In a decision addressing two separate claims of substantial burden under the Religious Land Use and Institutionalized Persons Act (RLUIPA) the Seventh Circuit Court of Appeals reached two different conclusions as to the effects of municipal actions on religious groups. In World Outreach Center v. City of Chicago and Trinity Evangelical Lutheran Church v. City of Peoria, the court held that World Outreach Center had been substantially burdened but that Trinity Evangelical Church had not.
In the World Outreach case the district court had dismissed the action. The building at issue contains mainly recreational and living quarters with some space for religious service. However, the circuit court found that the building's uses were all in furtherance of the religious mission of the organization. Before being purchased the building had been operated as a YMCA for many years and included renting out 168 single room occupancy (SRO) units. During the 80 years of operation by the YMCA the City never required a special permit. Rather the building's use was considered legal nonconforming as it was legal when established and subsequent changes in zoning regulations requiring a special permit for such use did not change its status. Under the Chicago zoning code the legal nonconforming status runs with the land and is not changed by changes in ownership.

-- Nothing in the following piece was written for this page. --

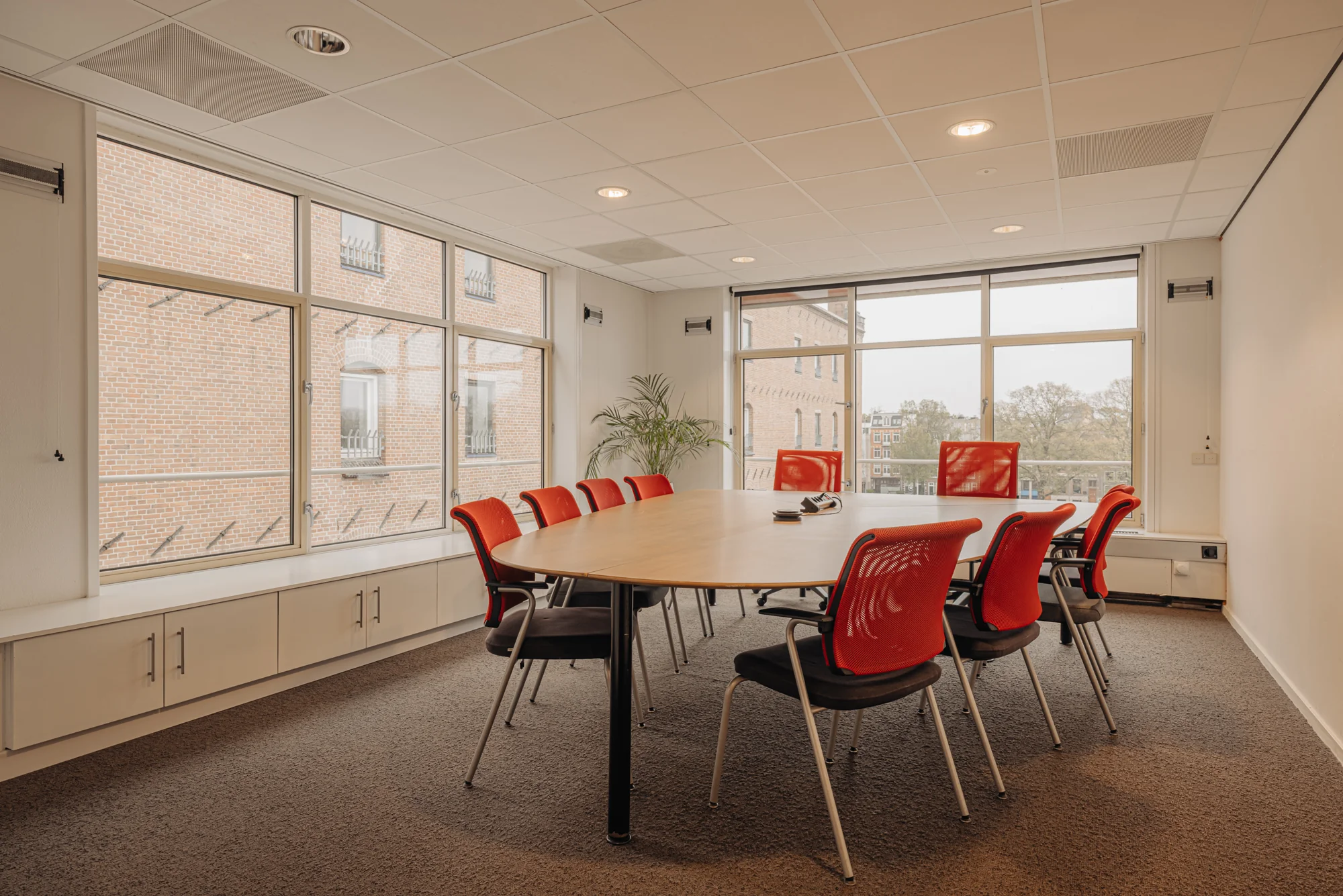 Vergaderruimte met een ovale tafel en rode stoelen bij een groot raam met uitzicht op een bakstenen gebouw.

However, World Outreach was required to apply for a license to operate the SRO units and the City took the position that it would not issue the SRO licenses without World Outreach first obtaining a special permit. This was despite the fact that the YMCA was issued SRO licenses without being required to apply for the special permit, even after the zoning was changed to require a special permit for the use.
At the instigation of an alderman who was seeking to help a developer acquire the property, the City then rezoned the property to a district which did not even permit SRO as a special permit use. The City continued to insist that a special permit was needed and brought a suit claiming the special permit was required but could not be issued due to the new zoning. The City then voluntarily discontinued the lawsuit but continued, without giving a reason, to deny the SRO license. When Hurricane Katrina struck FEMA contracted to rent 150 of the rooms for a year but the City continued to refuse the SRO licenses.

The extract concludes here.